Paper ID: 953
Title: Lifelong Learning with Non-i.i.d. Tasks
Current Reviews

Submitted by Assigned_Reviewer_1

Q1: Comments to author(s). First provide a summary of the paper, and then address the following criteria: Quality, clarity, originality and significance. (For detailed reviewing guidelines, see http://nips.cc/PaperInformation/ReviewerInstructions)
This paper presents a theoretical analysis of Lifelong learning setting which goes beyond the traditional task i.i.d assumption. Two settings are considered: stationary environment with non-independent tasks and non-stationary environments.

I liked the paper, it is written well and I feel I was able to follow it even though I am not an expert in PAC-Bayesian analysis. I did miss a few concrete examples, particularly at the introduction level, motivating the two possible learning settings and relating them (or contrasting) to existing lifelong learning approaches if possible.

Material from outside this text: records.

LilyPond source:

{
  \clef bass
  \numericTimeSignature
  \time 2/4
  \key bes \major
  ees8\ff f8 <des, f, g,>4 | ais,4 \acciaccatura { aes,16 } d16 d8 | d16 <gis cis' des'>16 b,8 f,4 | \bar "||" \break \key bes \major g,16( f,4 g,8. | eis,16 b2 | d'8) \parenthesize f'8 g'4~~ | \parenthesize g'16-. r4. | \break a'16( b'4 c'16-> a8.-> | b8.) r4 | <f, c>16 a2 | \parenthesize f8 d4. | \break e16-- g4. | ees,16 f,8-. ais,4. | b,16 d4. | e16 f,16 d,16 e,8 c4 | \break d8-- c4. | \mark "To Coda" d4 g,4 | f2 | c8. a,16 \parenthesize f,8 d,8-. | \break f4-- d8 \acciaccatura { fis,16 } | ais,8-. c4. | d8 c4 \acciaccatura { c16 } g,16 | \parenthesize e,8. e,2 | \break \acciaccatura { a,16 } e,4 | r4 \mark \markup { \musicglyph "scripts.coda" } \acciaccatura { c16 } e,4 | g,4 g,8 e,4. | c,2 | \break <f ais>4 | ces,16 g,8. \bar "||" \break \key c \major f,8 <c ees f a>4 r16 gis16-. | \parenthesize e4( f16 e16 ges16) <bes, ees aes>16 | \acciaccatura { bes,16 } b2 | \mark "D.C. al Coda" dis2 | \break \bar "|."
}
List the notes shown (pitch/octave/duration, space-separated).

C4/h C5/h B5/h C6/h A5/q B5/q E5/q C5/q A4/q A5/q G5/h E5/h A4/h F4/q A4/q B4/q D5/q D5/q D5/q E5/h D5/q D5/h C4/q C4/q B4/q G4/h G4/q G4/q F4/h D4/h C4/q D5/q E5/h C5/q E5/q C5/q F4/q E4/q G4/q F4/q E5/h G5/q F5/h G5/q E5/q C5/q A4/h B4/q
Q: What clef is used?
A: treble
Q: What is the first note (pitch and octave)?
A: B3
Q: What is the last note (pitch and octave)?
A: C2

A synthetic data example was given for the non-stationary environments, it would have been nice to add an example for the stationary setting as well.
Q2: Please summarize your review in 1-2 sentences
I think this paper adds an important theoretical analysis to the Lifelong learning setting. I feel the paper would have benefited from a few concrete examples.

Submitted by Assigned_Reviewer_2

Q1: Comments to author(s). First provide a summary of the paper, and then address the following criteria: Quality, clarity, originality and significance. (For detailed reviewing guidelines, see http://nips.cc/PaperInformation/ReviewerInstructions)
The paper presents some extensions to the Pentina and Lampert's PAC-Bayesian analysis of "Lifelong Learning" problems (ICML 2014) , where a learner must adapt to various tasks exploiting knowledge from previously seen ones. The main contributions are risk bounds dedicated to two scenarios where the observed task are not sampled independently from each other. Roughly speaking, the first scenario share similarities with domain adaptation (albeit the risk bound is given on an average of all possible domains, instead of on a specific target domain) and the second is quasi-identical (up to my knowledge) to distribution drift.

In the first setting (Section 3), the authors cleverly reuse Ralaivola et al.'s chromatic PAC-Bayesian theory to represent dependencies between tasks. However, this result alone let me unsatisfied. I wonder to which extent this result can be useful to the ambitious "lifelong learning" problem the authors are interested in. At the end of Section 3, the authors open the way to use the result as a "quality measure" benchmark or to the conception of a learning algorithm. If provided, such empirical study could be a good way to enhance this work.

The second setting (Section 4) is very similar to the "distribution drift" scenario. I would like the authors to compare their results with other ones in this area (e.g., Mohri and Medina's "New Analysis and Algorithm for Learning with Drifting Distributions", ALT 2012). I also think that this setting must be studied more deeply. Contrary to the author claim, I think that the assumption of Equation (18) is very restrictive: it is unlikely that *all* algorithms of a considered family would have *exactly* the same error on every two consecutive tasks. This assumption should be relaxed to become realistic (as in Mohri and Medina 2012). Moreover, the algorithm should be able to consider more than the two previous tasks.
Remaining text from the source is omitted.